Some of Britain’s high street banks have launched new schemes to boost lending to SMEs this week, as the Business Secretary prepares to announce the launch of a small business investment bank.
RBS and Lloyds Bank have launched new or modified versions of lending schemes designed to help small and medium-sized and ‘mid-cap’ businesses to access credit.
The facilities both take advantage of the Government’s Funding for Lending scheme, where the Government underwrites cheaper loans to qualifying businesses.
They launched a day before Business Secretary Vince Cable is set to provide details of the government funded investment bank for small companies, as part of a new industrial strategy.
RBS on Monday launched the second version of its Manufacturing Fund, designed for smaller companies which offers cheaper borrowing rates and favours manufacturing companies.

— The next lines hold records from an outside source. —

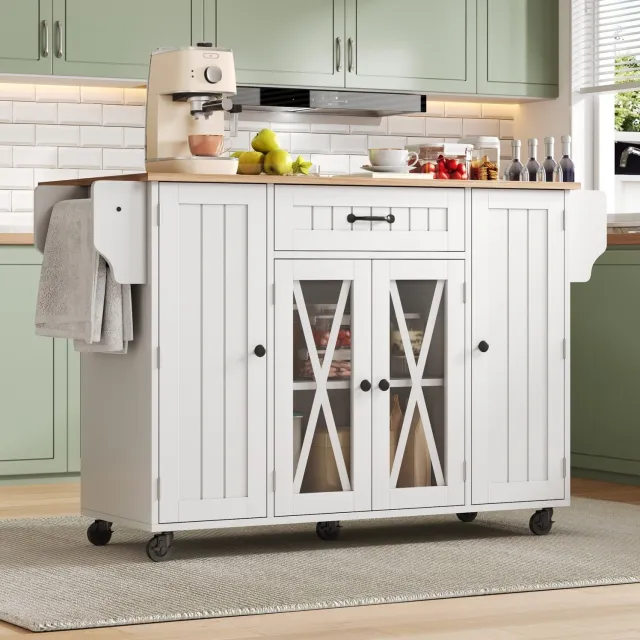 HAUSS SPOLE Keukeneiland - Opklapbaar Werkblad En Vergrendelbare Wielen - Voor Keuken En Eethoek - MDF En Spaanplaat - Wit - 120x69x90 Cm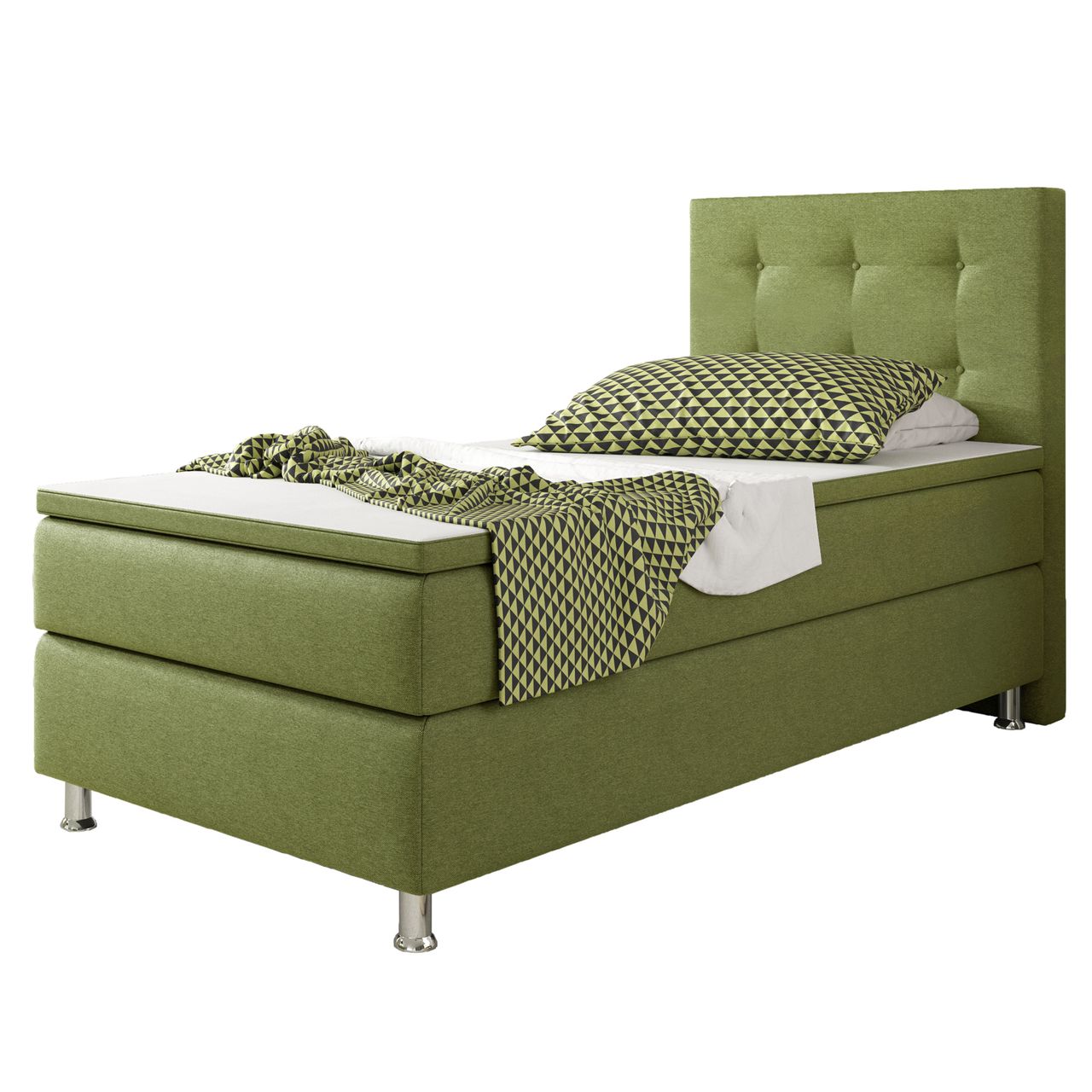 IHG Boxspringbett Köln 90x200 Webstoff Grün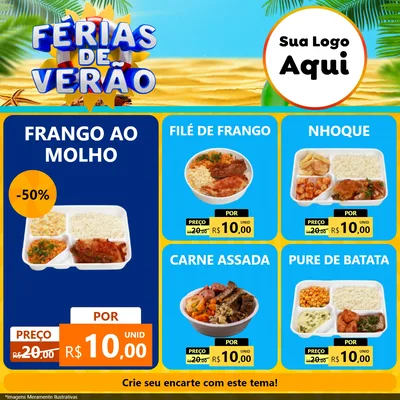 Modelo de Rede Social para Feed Facebook com o tema Férias de Verão para Restaurante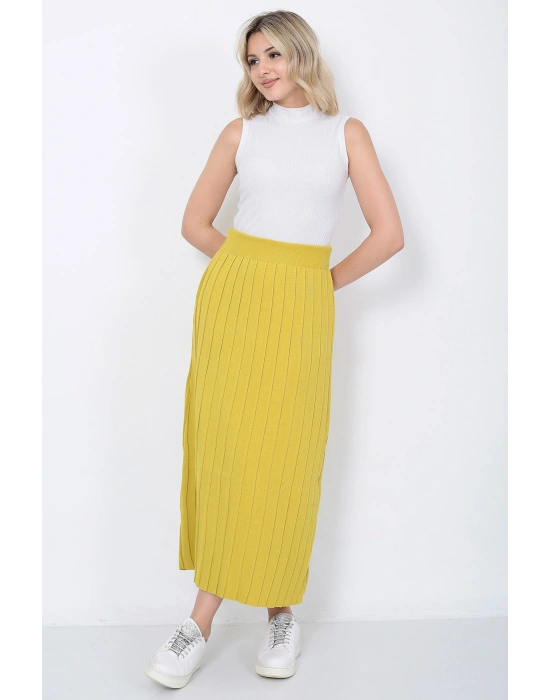 Kadın Triko Etek Oversize Hardal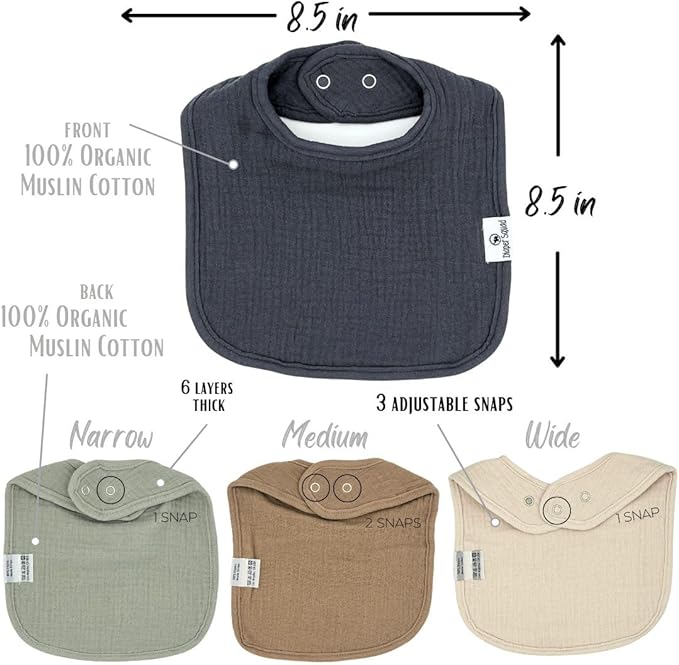 DiaperSquad's 100% Organic Cotton Baby Drool Bibs, Super Absorbent & Adjustable Baby Bibs for Drooling and Teething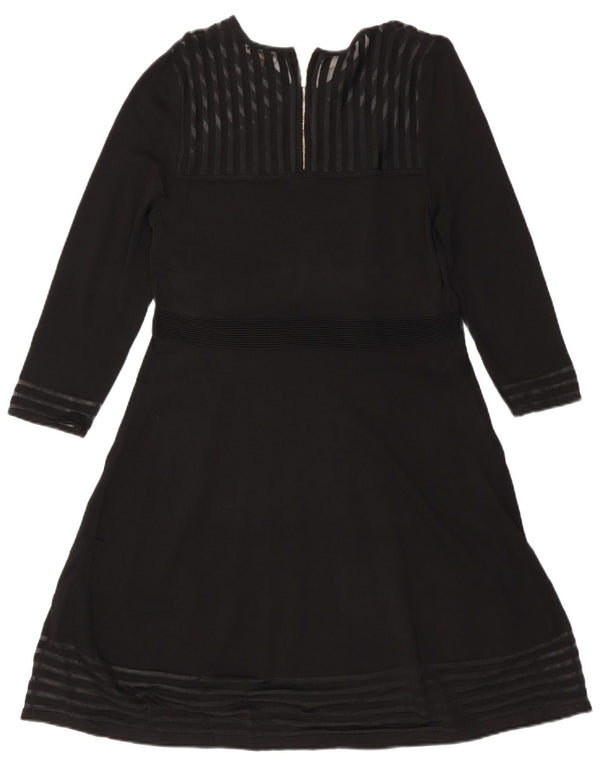 CALVIN KLEIN Abito da donna a maniche lunghe a trapezio UK 18 XL Rayon a righe nero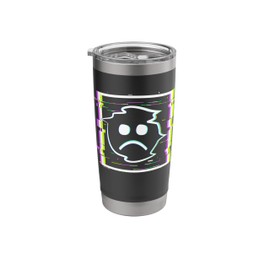 Sad Boi Anime Glitch Frame Vaporwave Aesthetic Sad Face Stainless Steel Insulated Tumbler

RBS’s manufacturing fund will target medium sized businesses with annual sales of between £25 million and £500 million.
The fund will offer UK manufacturers fixed and variable rate loans of between £250,000 and £25 million. Manufacturers will also benefit from being able to defer any capital repayments for two years, RBS said.
“Through Funding for Lending, these are the most competitive terms that we have been able to offer manufacturers for several years,” said Peter Russell, RBS’s head of manufacturing.

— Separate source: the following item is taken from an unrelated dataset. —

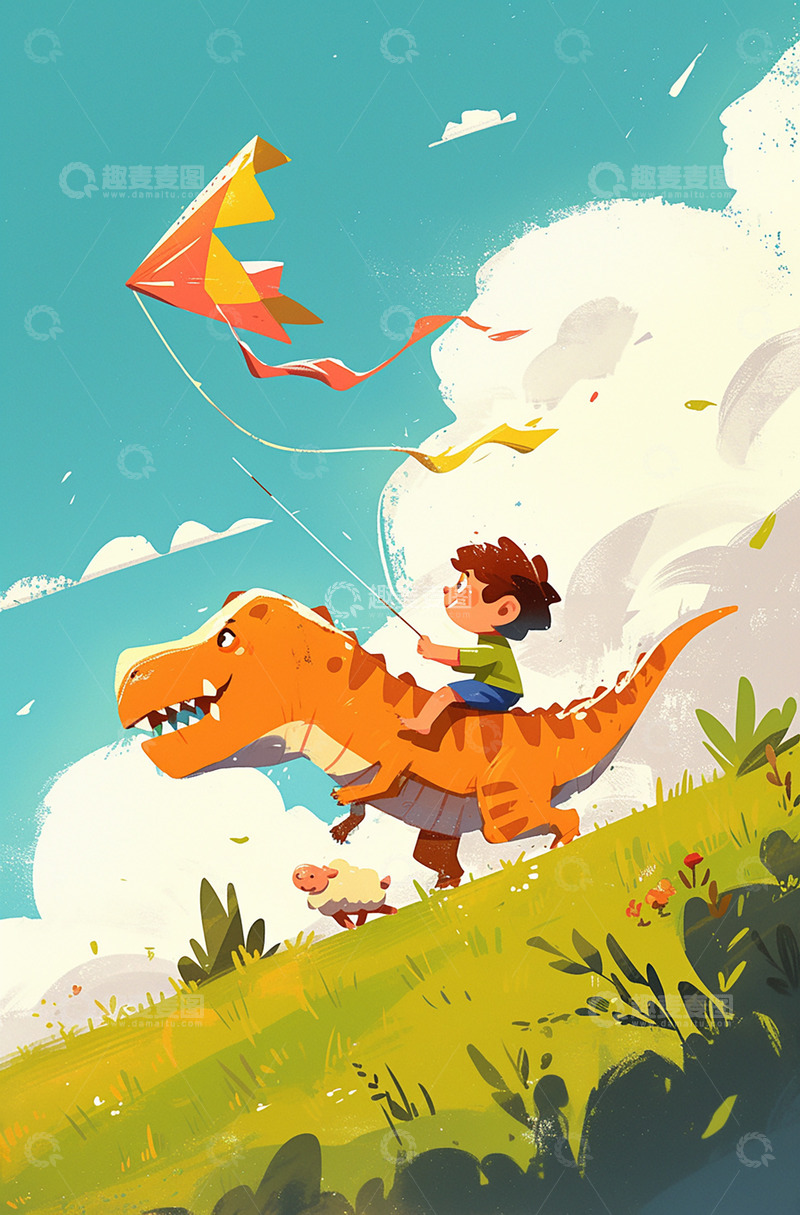高清大图下载【趣麦麦图】草地上放风筝的男孩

The original Manufacturing Fund from RBS was launched in 2010. It is understood that less than 50% of the fund has been tapped. The bank repackaged the fund’s features to accommodate feedback from customers.
Lloyds Banking Group yesterday launched “Lloyds Funding for Lending”, which also utilises the Government’s Funding for Lending scheme.

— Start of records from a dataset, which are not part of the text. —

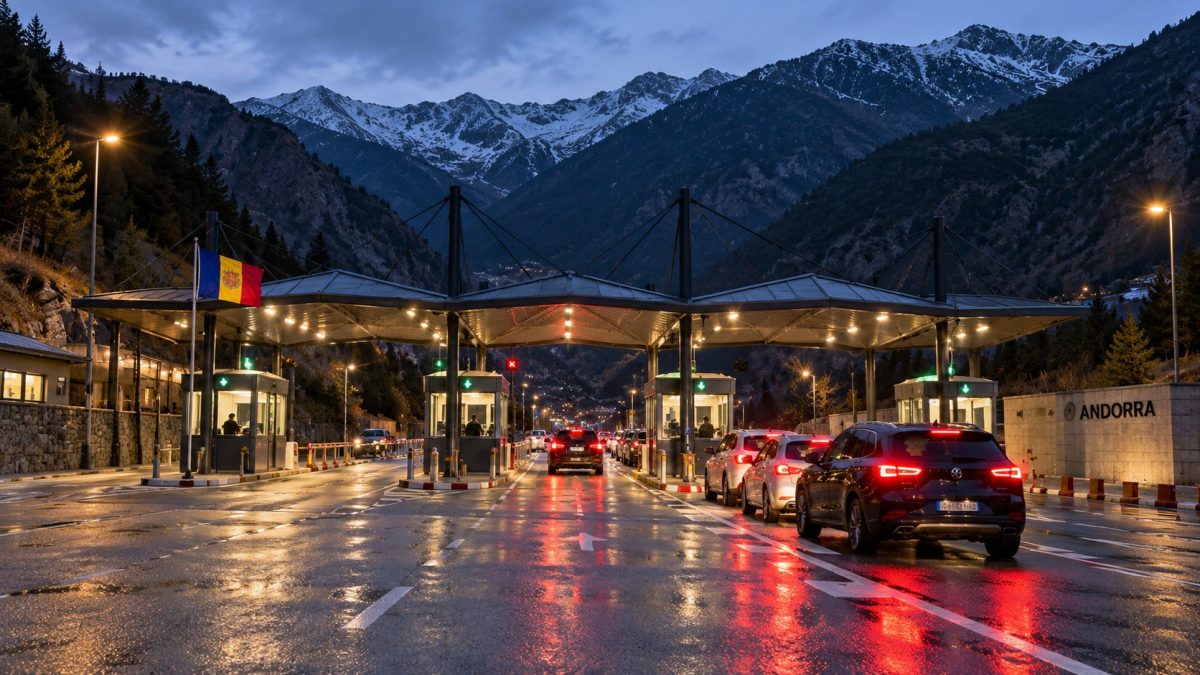 Cola de coches en el paso fronterizo de Andorra al anochecer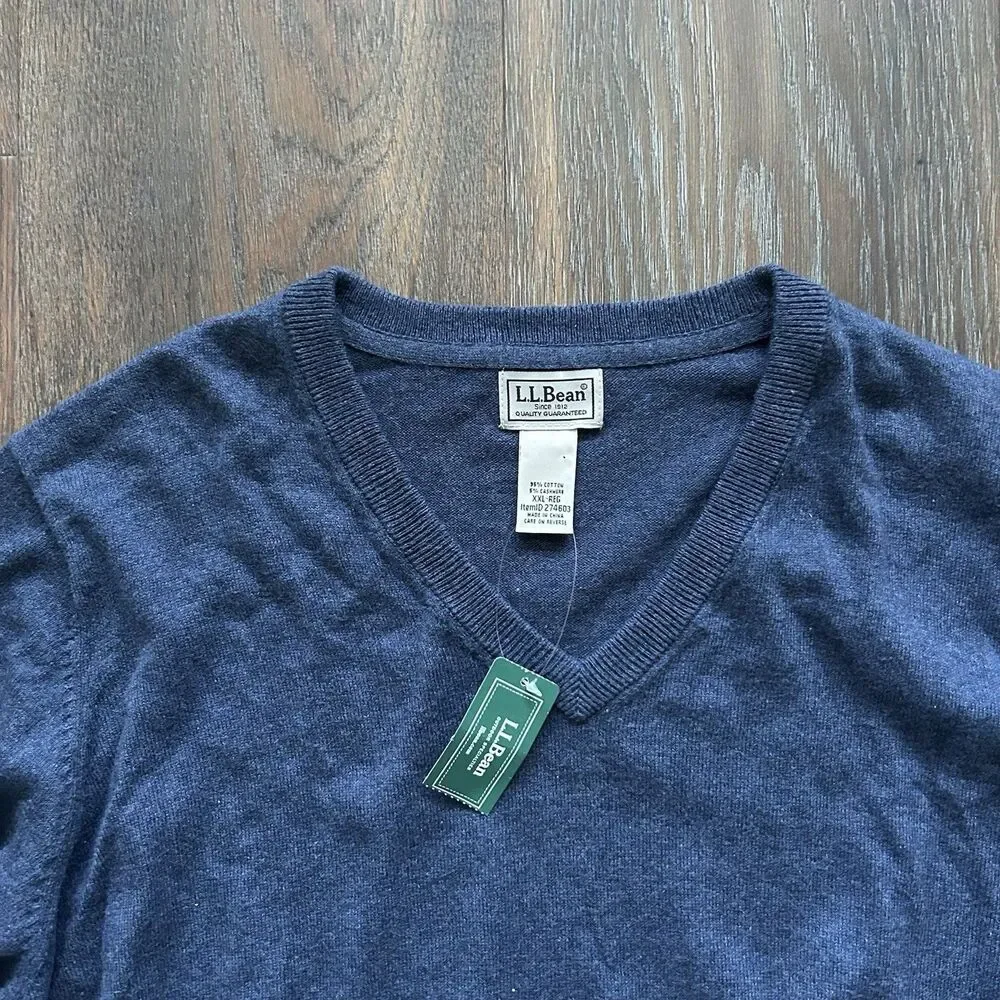 L.L. Bean Cotton Cashmere V-Neck Sweater Indigo Blue, Size XXL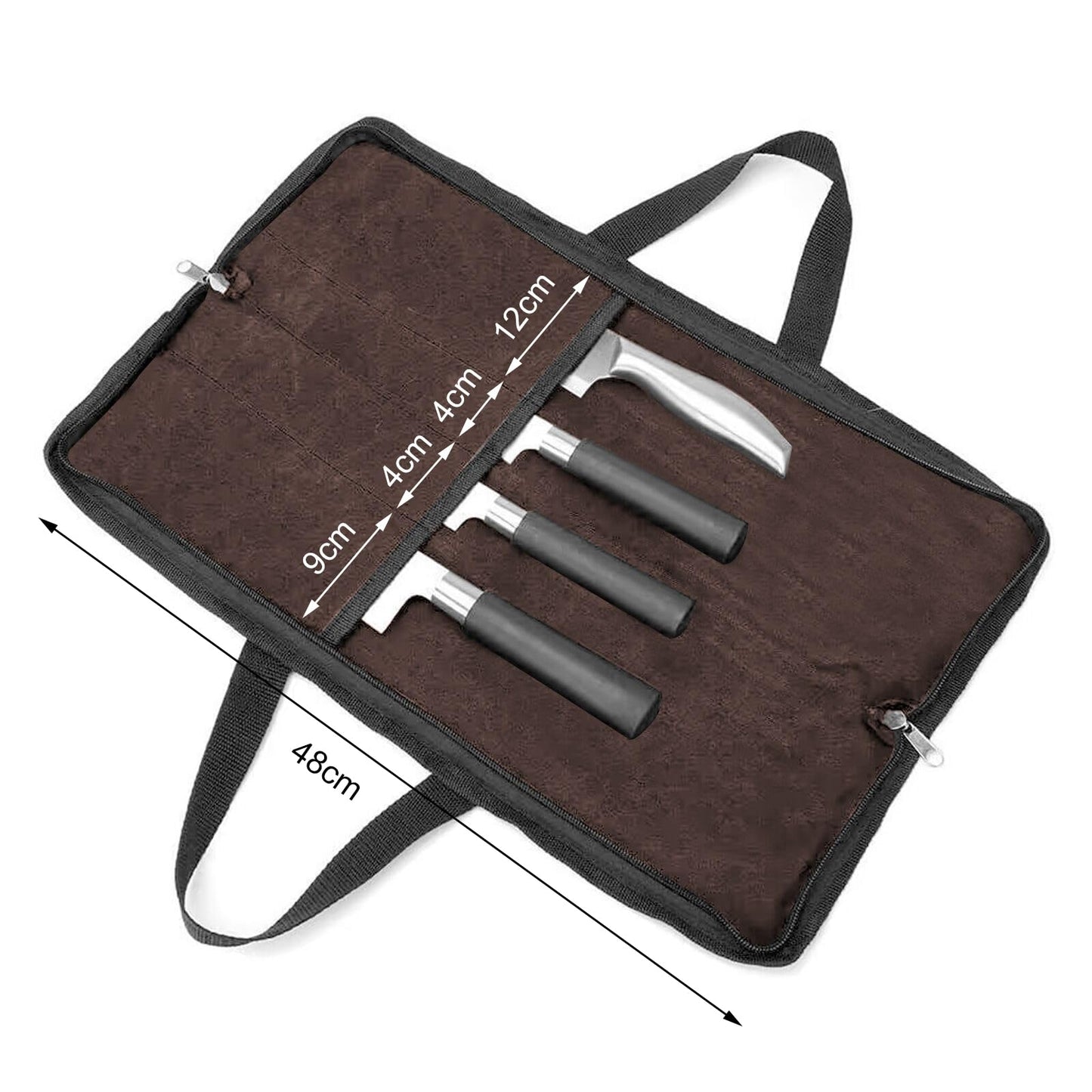 QEES Knife Roll,Heavy Duty Knife Bag,Waxed Canvas knife Case with 4 Slots For Knives & Kitchen Tools,Chef Knife Bag With Handle.Portable Knife Roll Bag For Chefs Culinary Traveling.Knives Pouch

The scheme offers a 1% reduction in the interest rate for new business loans and hire purchase, a discount for the full term of the loan and a minimum loan amount of £1,000 with no maximum limit.
The Lloyds fund is not sector-specific and it will be available to all SME and mid market customers, regardless of the sector that they operate in
“As part of our commitment to help Britain prosper we are determined to provide simple, transparent and competitive funding to ‘UK plc,” said Mark Stokes, managing director of mid markets at Lloyds Bank Wholesale Banking & Markets.
And today (Tuesday), the new boss of Barclays Anthony Jenkins told the BBC that he will be “quick and bold in making reforms at the bank”.
Mr Jenkins is looking to rebuild the banks’ reputation after a series of scandals, including Libor interest rate-fixing.
British banks seem to be queuing up to help smaller companies and to show a business-friendly face to a largely disenfranchised SME customer base.
But the new loan schemes and Barclays statement come just when Business Secretary Vince Cable is due to announce the government’s new industrial strategy later today. This will provide details of a new government-underwritten investment bank, designed specifically to provide loans to SMEs, especially small companies which hitherto have generally had the biggest problems borrowing money.
One SME manufacturer who runs a cosmetics company told TM, regarding the timing of the new SME lending schemes, “Coming this week with Cable launching this investment bank, it looks like closing the stable door after the horse has bolted. Why couldn’t banks have offered these cheaper rates a year or more ago?”